Blur, a new NFT aggregator, has made waves in the world of cryptocurrency in recent months, surpassing industry giant OpenSea in trading volume and skyrocketing to the top of the non-fungible token marketplace rankings. But perhaps just as notable as its meteoric rise is the recent revelation of the company’s founder and co-founder, Tieshun Roquerre, also known as Pacman.
Meet Tieshun Roquerre, the Founder of Blur
Roquerre, a 24-year-old entrepreneur, has built a career in the crypto industry, dropping out of both high school and MIT to create his own companies. He took one of these companies through Y Combinator and later founded Namebase, a Web3 firm that he sold to Namecheap. Now, with the success of Blur, Roquerre has become a prominent figure in the NFT space.

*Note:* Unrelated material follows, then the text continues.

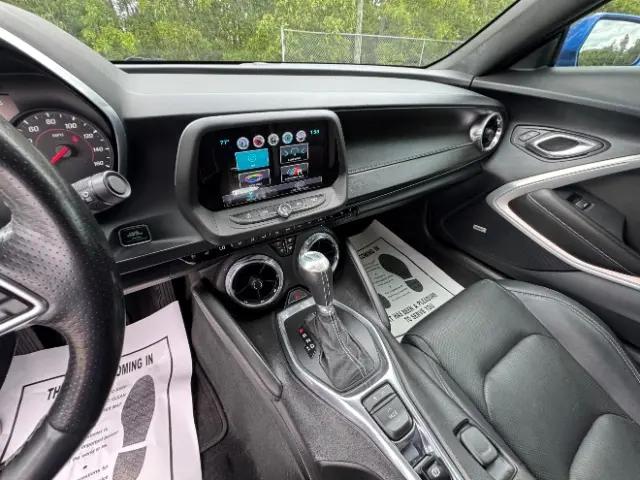 2016 Chevrolet Camaro 2LT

Despite building a successful career in the industry, Roquerre had previously preferred to remain anonymous, using a pseudonym and revealing his identity only in private calls when necessary. In a recent statement, Roquerre explained his decision to reveal his true identity publicly, stating that he enjoyed the privacy of being pseudo but had to share his identity now that Blur’s community had grown exponentially.
Blur’s success is undeniable. The NFT aggregator has seen $1.9 billion in sales from more than 150,000 traders, with almost $640 million of it in the last seven days alone, and its 24-hour trading volume has surpassed that of OpenSea, the industry’s long-standing leader, by a wide margin. However, some industry insiders have questioned the legitimacy of Blur’s trading volume, as traders have been gaming the platform’s BLUR rewards system by trading the same tokens over and over again.
Royalty Collection Controversy
Blur has taken a different approach to creator royalties, announcing on Feb. 15 that it would collect mandatory royalties on any NFT collection whose creators blocked sales on OpenSea. Blur said this was a defensive tactic that would end when OpenSea stopped refusing to enforce royalty collection if tokens were sold on Blur and other non-whitelist sites. “Creators that whitelist both OpenSea and Blur should be able to earn royalties on both platforms,” Blur said in a blog post. “Today, OpenSea automatically sets royalties to optional when they detect trading on Blur.”